The next man to take on the press was Calvin Coolidge. On the surface, you would think Coolidge relished the spotlight. He held seven or eight events a month and over his two terms, he held an astonishing five-hundred and twenty press conferences. He made sure the reporters assigned to him were comfortable both at the White House and during travel. He, like Harding before him timed his sessions so the reporters could make the deadlines for the morning or evening editions. However, like Harding, the back and forth sessions were more back than forth. Coolidge was even mort assertive in his authority over the press conference. He would look over the pre-written questions and sometimes, he would read a question aloud before - without comment - he would place it on the bottom of the stack, never to be heard again. Coolidge did take the process a little closer to the future by allowing several follow-up questions. This would carry over into Herbert Hoover's administration and flourish even more until a fateful day in October, 1929.
Hoover met with reporters on the very day of his inauguration and said that with him would begin "a new phase of press relations." He had the reporters elect their own committee to meet with the President to discuss improvements in the press conference. Hoover abolished the "White House spokesman" and allowed reporters to directly quote him and he distributed handouts of statements he would read to the press . He, did however, still require written questions in advance. This continued throughout the first 120 days of Hoover's administration and during that time, he held more frequent and regular press conferences than any President before or since. Then came October 29, 1919 - Black Tuesday.
There were immediate changes in the procedures for a press conference. He broke the then established rule of equal access and, like Teddy Roosevelt had been prone to do, began screening out those reporters he was suspicious of. Cancellations of scheduled press conferences became increasingly frequent . In September, the were effectively over. . While Coolidge had ignored some questions, Hoover even had the audacity to deny ever receiving certain questions in spite of the word of several respected reporters. Transcripts of later Hoover Press Conferences would show him making a few statements, said he had received no questions - or in many cases say he wasn't prepared to answer any questions - then telling the reporters they could be dismissed.

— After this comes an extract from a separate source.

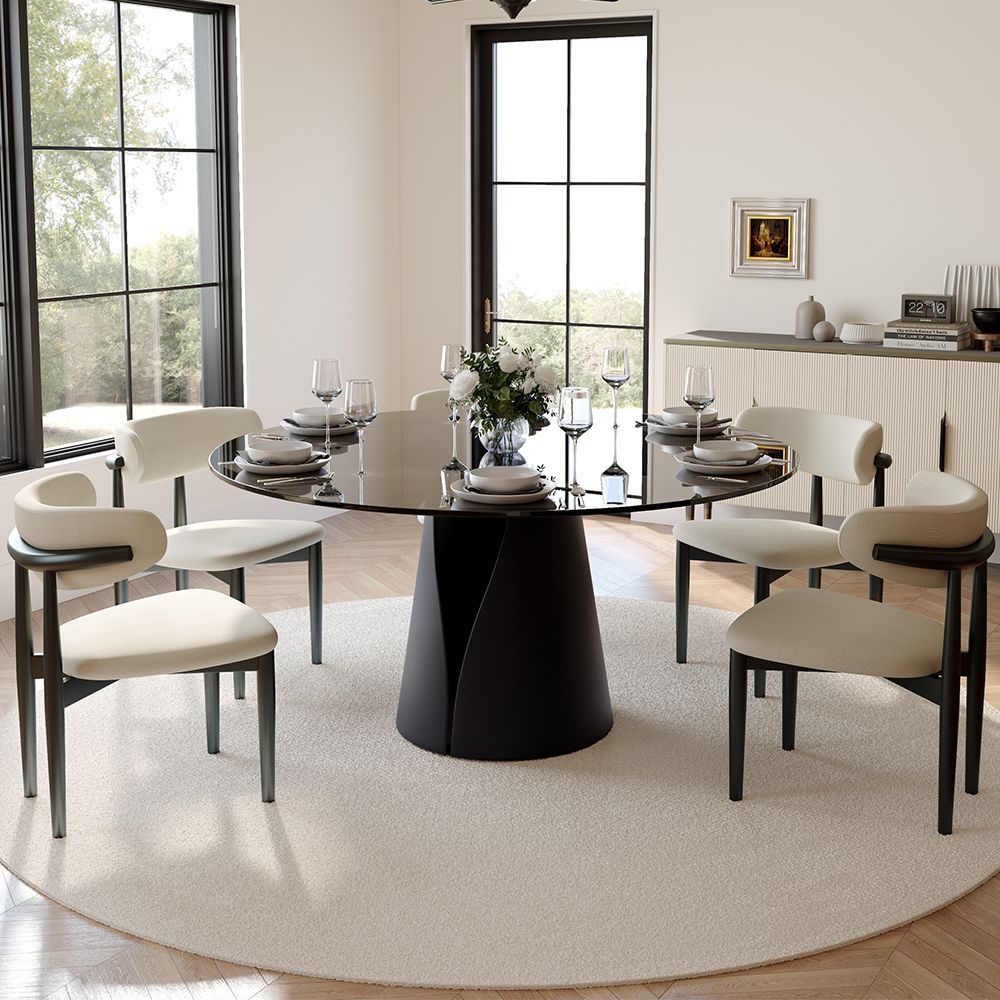 Carbon Steel Gray Glass Tempered Glass Dining Tables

Roosevelt had been able to get away with simply passing along statements for his own good.. Teddy could hold their attention and (in many cases) mesmerize members of the press. Hoover lacked both the personality and celebrity of TR. It would take one of Teddy's distant relatives to reign in an era of unprecedented contact between the press and the commander-in-chief.
Franklin Delano Roosevelt was an extremely intelligent man who witnessed Hoover's poor relationship with the press and was determined to be heard by the general public. He was also smart enough to know that as vicious as many reporters could be, they would also be the first in line to break news that would be good for the morale of a nation. And this was never more important than when facing down Hitler and the relentless power of Japan. FDR held press conferences twice a week, every week. This continued during war and his own declining health for nine-hundred and ninety-two sessions. Roosevelt, like his distant cousin, could charm the press with his easy going manner, a quick wit, and an astounding knowledge of government and the world at large. He turned his press conferences into successful classrooms that educated both reporters and the public at large and thus influencing public opinion. He referred to the press corps as his family.

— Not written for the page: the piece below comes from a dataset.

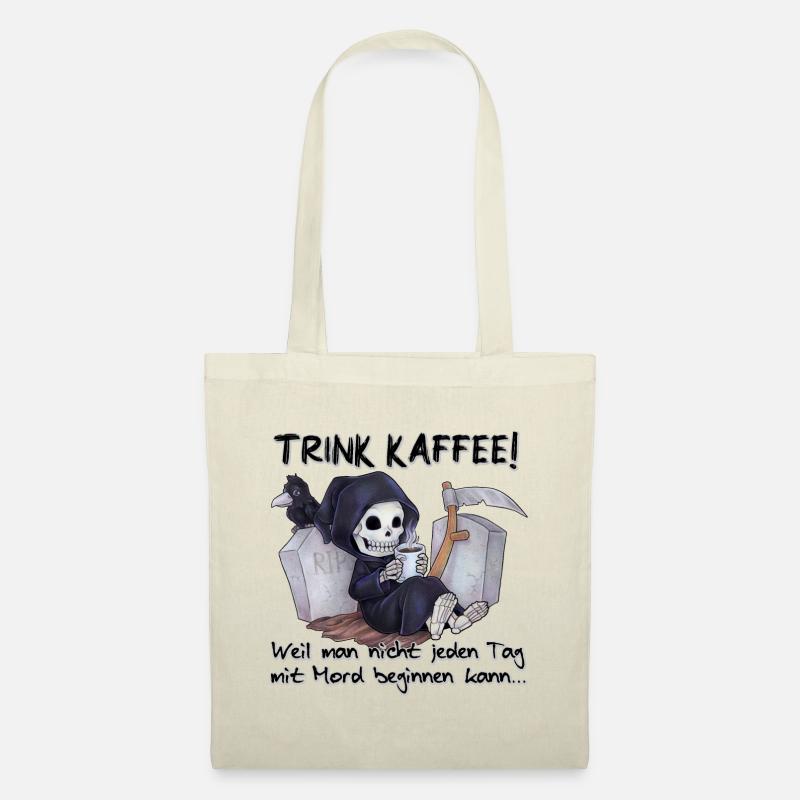 Trink Kaffee - Lustiger Chibi Grim Reaper - Stoffbeutel - Natur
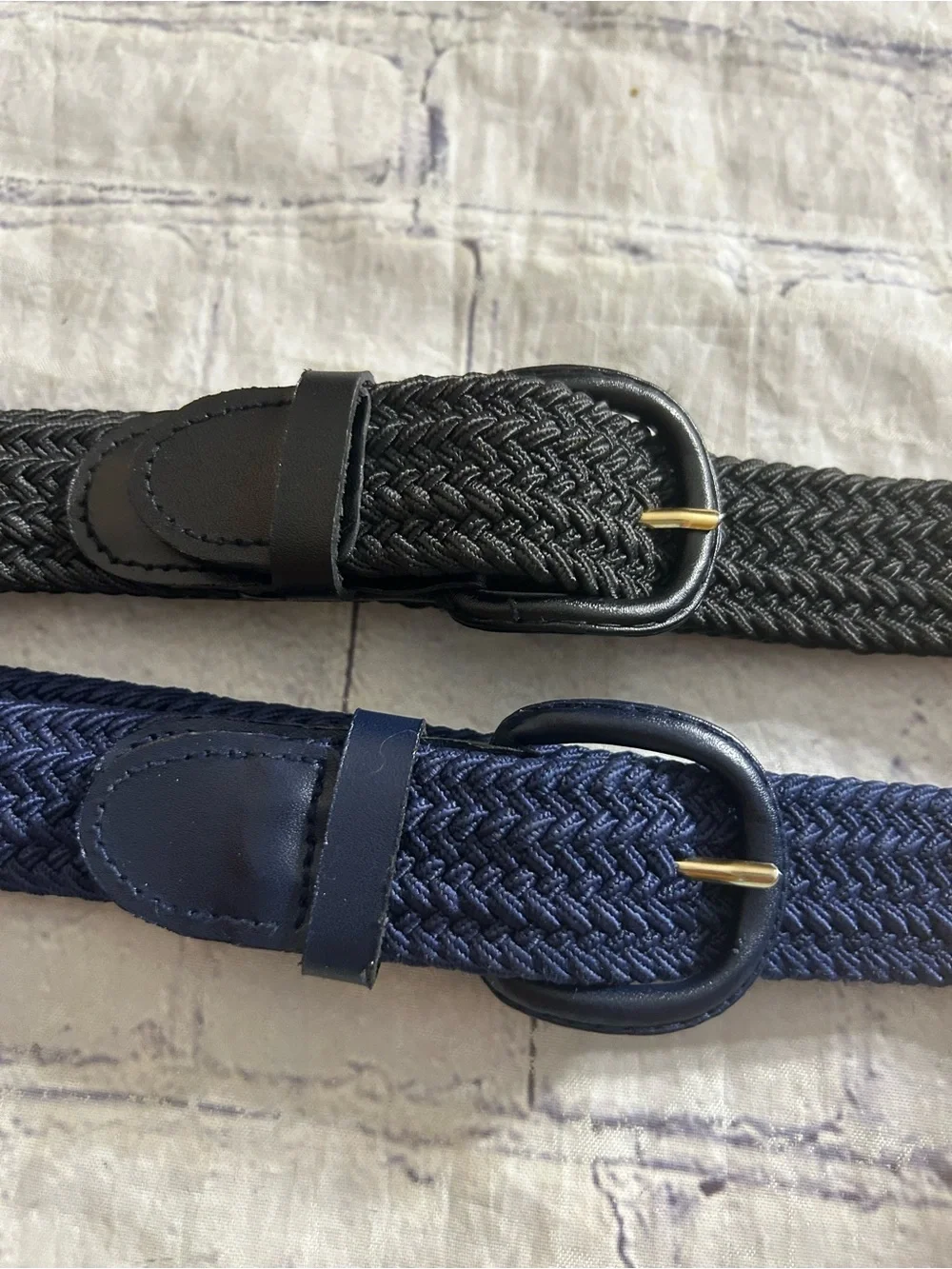 VINTAGE BONDED LEATHER BLACK & NAVY TAIWAN MADE WOVEN STRETCH MENS BELTS L 38-40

His ease at manipulating the press belies the opening statement of his very first press conference. "I am told that what I am about to do will become impossible, but I am going to try it."
Despite FDR's efforts to make the reporters feel comfortable and at ease, Roosevelt demanded that the press follow several strict guidelines. Nearly half of FDR's press conferences would begin with with a formal statement with the chosen reporters gathered around his desk in the oval office. Then, according to their rank in the press corps hierarchy, the questions would begin. After the upper echelon of the fifth estate, anyone could ask a question. Depending on the time, each reporter could get three or four turns around the table.
FDR's responses were more to the point and succinct than his predecessors. He began the habit of meeting with his press secretary, Steve Early and other advisors for a half hour before the press conference started. They anticipated questions and set up answers. This would be particularly useful during several sticky moments during World War II. Especially for someone who is thrust into power in the middle of a war.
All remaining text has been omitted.